** Exercise input **

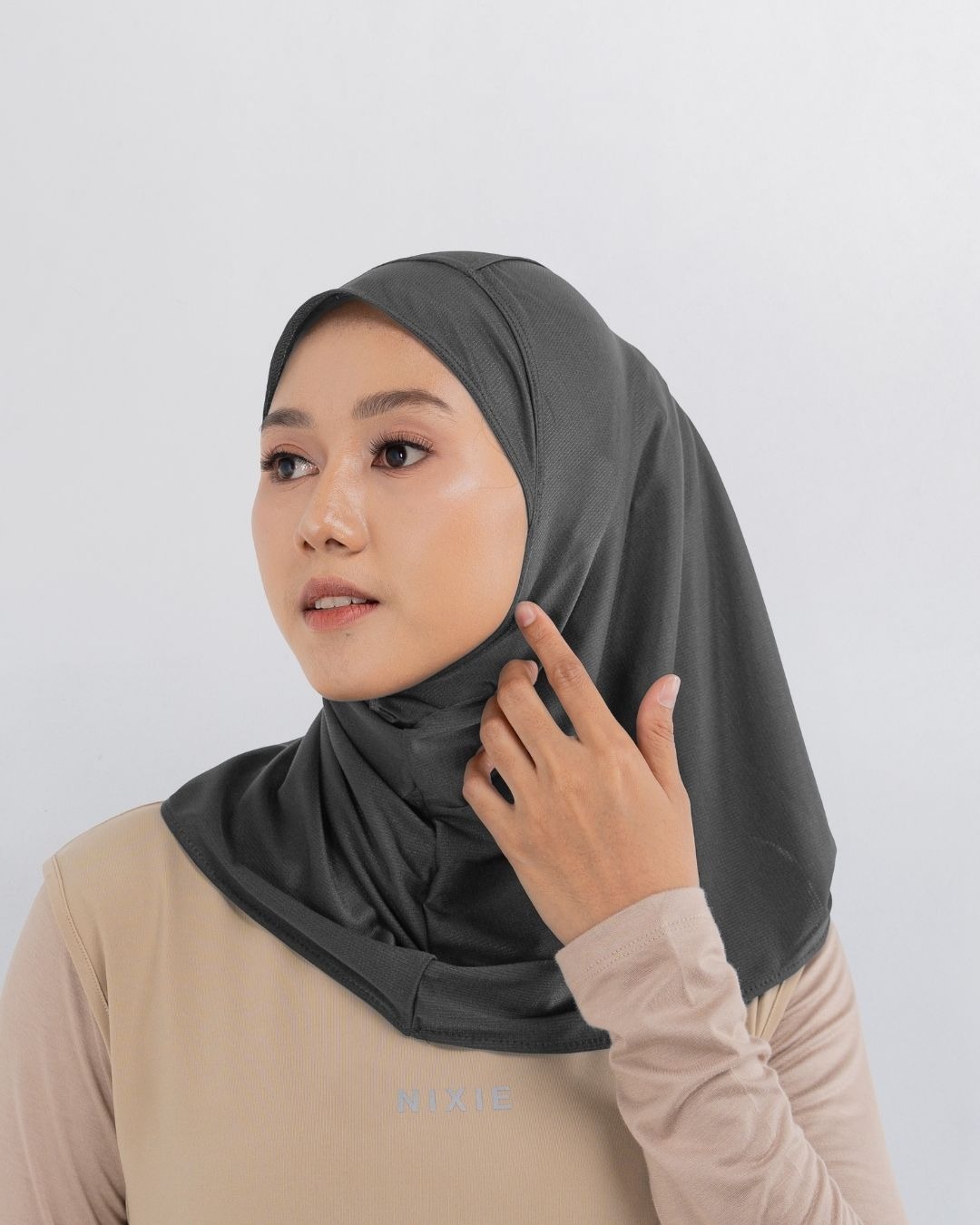 Line Performance Hijab – Top Performance Active Hijab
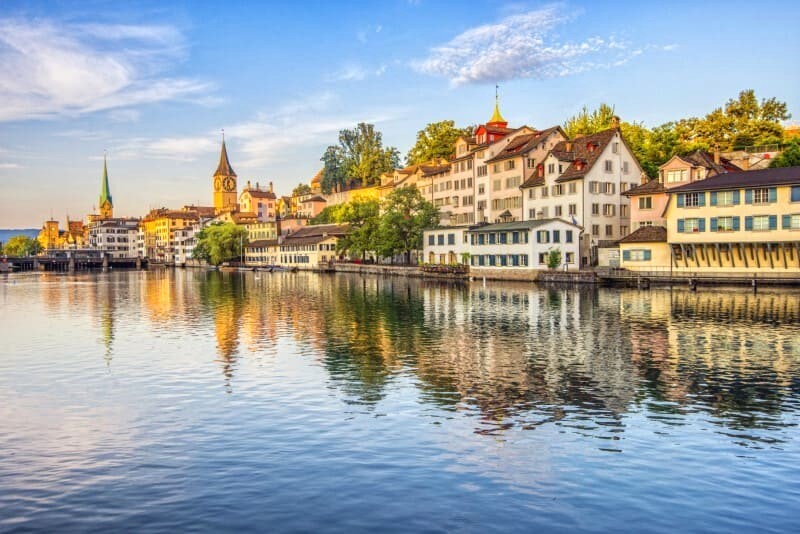 Zürich, thành phố lớn của Thụy Sĩ, nổi tiếng với sân bay rộng lớn.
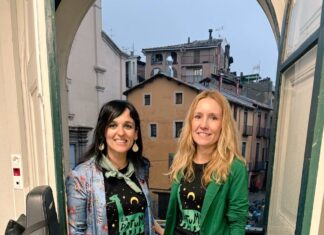 Silvia Orriols y Judit Vinyes en el balcón del Ayuntamiento de Berga durante la celebración de la Patum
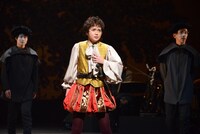 KAAT×パルコ プロデュース公演「オーランドー」フォトコールより、多部未華子演じるオーランドー（中央）。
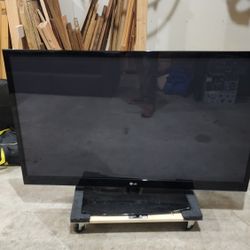 60” LG Plasma TV (60PK540) + Full Motion Wall Mount (SB-3790ART-FM) – $200 OBO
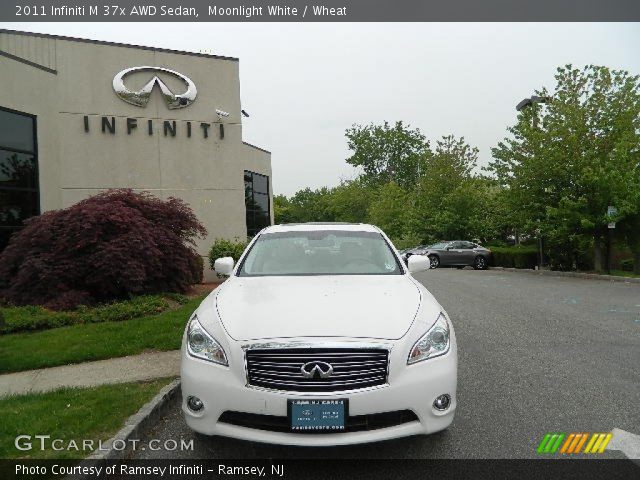 2011 Infiniti M 37x AWD Sedan in Moonlight White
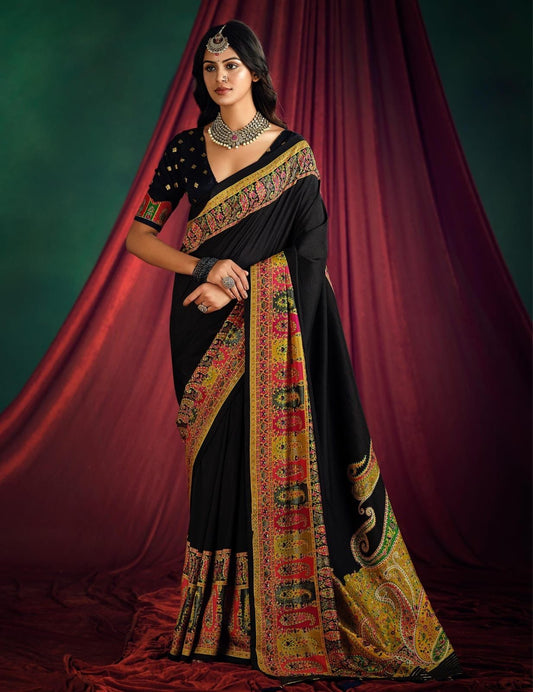 Navata Black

** Try it **
Repeat each line above exactly as it reads, omitting any pictures.

** Task output **
 Line Performance Hijab – Top Performance Active Hijab
 Zürich, thành phố lớn của Thụy Sĩ, nổi tiếng với sân bay rộng lớn.
 Silvia Orriols y Judit Vinyes en el balcón del Ayuntamiento de Berga durante la celebración de la Patum
 KAAT×パルコ プロデュース公演「オーランドー」フォトコールより、多部未華子演じるオーランドー（中央）。
 60” LG Plasma TV (60PK540) + Full Motion Wall Mount (SB-3790ART-FM) – $200 OBO
 2011 Infiniti M 37x AWD Sedan in Moonlight White
 Navata Black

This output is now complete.